Provided records ▸

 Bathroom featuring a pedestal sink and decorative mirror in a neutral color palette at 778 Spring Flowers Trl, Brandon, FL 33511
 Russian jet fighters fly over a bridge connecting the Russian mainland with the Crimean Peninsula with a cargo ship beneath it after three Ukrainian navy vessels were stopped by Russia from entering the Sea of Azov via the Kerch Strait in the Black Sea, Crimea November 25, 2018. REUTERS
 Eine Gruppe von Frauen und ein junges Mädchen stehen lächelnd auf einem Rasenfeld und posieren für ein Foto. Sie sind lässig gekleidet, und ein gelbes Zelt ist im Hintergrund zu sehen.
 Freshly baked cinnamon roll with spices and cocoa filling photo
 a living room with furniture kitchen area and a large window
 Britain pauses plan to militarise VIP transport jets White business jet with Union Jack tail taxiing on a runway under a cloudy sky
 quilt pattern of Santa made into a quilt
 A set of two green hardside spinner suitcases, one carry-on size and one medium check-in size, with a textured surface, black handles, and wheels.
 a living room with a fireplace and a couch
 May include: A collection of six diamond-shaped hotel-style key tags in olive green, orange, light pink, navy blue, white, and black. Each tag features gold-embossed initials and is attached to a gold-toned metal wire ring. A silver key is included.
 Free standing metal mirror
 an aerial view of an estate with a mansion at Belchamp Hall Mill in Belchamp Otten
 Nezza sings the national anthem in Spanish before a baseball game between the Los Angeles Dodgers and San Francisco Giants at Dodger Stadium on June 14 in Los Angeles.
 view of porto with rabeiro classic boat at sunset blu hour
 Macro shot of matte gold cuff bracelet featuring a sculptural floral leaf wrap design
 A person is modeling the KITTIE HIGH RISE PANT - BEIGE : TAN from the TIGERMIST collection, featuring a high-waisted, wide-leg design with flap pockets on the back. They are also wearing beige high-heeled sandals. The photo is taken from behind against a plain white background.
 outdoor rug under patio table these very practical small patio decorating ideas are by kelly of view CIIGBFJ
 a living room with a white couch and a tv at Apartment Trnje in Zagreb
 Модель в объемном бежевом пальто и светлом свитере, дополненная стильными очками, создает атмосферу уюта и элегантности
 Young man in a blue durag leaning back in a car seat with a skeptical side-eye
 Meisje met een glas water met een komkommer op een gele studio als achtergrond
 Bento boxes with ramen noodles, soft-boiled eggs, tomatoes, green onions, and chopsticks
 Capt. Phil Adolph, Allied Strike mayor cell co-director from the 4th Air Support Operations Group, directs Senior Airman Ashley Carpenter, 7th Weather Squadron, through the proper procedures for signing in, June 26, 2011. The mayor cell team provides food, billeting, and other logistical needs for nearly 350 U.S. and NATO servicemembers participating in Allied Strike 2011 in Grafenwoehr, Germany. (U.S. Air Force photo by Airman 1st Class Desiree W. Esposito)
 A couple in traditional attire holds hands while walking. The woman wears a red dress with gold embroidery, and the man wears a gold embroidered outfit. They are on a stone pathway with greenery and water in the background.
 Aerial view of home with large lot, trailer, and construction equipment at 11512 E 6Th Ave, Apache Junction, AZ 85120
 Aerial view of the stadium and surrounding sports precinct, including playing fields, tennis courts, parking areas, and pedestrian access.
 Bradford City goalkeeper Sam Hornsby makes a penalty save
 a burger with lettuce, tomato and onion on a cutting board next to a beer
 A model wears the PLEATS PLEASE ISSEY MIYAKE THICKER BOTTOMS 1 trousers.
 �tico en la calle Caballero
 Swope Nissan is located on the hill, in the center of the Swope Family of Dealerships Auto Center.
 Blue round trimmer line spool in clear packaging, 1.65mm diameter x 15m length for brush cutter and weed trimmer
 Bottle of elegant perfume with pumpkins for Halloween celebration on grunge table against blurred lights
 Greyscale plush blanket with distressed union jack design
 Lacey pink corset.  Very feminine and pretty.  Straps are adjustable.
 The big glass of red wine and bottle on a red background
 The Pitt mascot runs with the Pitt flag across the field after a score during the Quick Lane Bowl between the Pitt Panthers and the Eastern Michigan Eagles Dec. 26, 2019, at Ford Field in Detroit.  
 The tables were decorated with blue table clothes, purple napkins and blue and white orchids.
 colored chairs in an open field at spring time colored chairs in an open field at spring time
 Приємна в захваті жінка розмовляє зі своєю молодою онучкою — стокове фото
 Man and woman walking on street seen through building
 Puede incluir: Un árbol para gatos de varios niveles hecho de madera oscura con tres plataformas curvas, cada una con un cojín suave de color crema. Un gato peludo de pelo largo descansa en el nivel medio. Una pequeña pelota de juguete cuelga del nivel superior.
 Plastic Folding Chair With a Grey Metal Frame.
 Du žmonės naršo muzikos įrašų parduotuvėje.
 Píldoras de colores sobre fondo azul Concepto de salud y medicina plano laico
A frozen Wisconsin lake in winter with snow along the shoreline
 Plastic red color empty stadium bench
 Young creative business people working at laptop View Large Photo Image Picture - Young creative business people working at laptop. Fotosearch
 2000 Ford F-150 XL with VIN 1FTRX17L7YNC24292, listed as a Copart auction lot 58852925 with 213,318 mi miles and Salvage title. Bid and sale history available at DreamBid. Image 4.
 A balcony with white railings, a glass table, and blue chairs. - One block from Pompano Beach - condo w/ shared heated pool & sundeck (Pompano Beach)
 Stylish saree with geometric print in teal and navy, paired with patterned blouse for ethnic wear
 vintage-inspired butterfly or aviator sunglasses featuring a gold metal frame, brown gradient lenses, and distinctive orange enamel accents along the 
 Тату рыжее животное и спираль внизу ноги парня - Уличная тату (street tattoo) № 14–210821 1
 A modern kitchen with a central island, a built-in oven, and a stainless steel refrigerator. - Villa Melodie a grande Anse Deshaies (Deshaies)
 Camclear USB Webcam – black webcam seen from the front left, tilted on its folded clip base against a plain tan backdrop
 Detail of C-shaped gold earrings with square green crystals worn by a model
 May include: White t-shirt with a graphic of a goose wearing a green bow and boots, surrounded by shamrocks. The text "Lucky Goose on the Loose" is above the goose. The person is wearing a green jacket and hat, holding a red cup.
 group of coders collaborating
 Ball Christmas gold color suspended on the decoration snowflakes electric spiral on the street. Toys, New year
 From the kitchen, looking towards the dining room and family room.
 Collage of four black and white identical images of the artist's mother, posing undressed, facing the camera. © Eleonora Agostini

Directions ▸ Would you output, from the records above, exactly the run of lines that starts at the line containing "an aerial view" and ends at the line containing "Capt. Phil Adolph, Allied", and only that run?

Solution for this problem ▸
 an aerial view of an estate with a mansion at Belchamp Hall Mill in Belchamp Otten
 Nezza sings the national anthem in Spanish before a baseball game between the Los Angeles Dodgers and San Francisco Giants at Dodger Stadium on June 14 in Los Angeles.
 view of porto with rabeiro classic boat at sunset blu hour
 Macro shot of matte gold cuff bracelet featuring a sculptural floral leaf wrap design
 A person is modeling the KITTIE HIGH RISE PANT - BEIGE : TAN from the TIGERMIST collection, featuring a high-waisted, wide-leg design with flap pockets on the back. They are also wearing beige high-heeled sandals. The photo is taken from behind against a plain white background.
 outdoor rug under patio table these very practical small patio decorating ideas are by kelly of view CIIGBFJ
 a living room with a white couch and a tv at Apartment Trnje in Zagreb
 Модель в объемном бежевом пальто и светлом свитере, дополненная стильными очками, создает атмосферу уюта и элегантности
 Young man in a blue durag leaning back in a car seat with a skeptical side-eye
 Meisje met een glas water met een komkommer op een gele studio als achtergrond
 Bento boxes with ramen noodles, soft-boiled eggs, tomatoes, green onions, and chopsticks
 Capt. Phil Adolph, Allied Strike mayor cell co-director from the 4th Air Support Operations Group, directs Senior Airman Ashley Carpenter, 7th Weather Squadron, through the proper procedures for signing in, June 26, 2011. The mayor cell team provides food, billeting, and other logistical needs for nearly 350 U.S. and NATO servicemembers participating in Allied Strike 2011 in Grafenwoehr, Germany. (U.S. Air Force photo by Airman 1st Class Desiree W. Esposito)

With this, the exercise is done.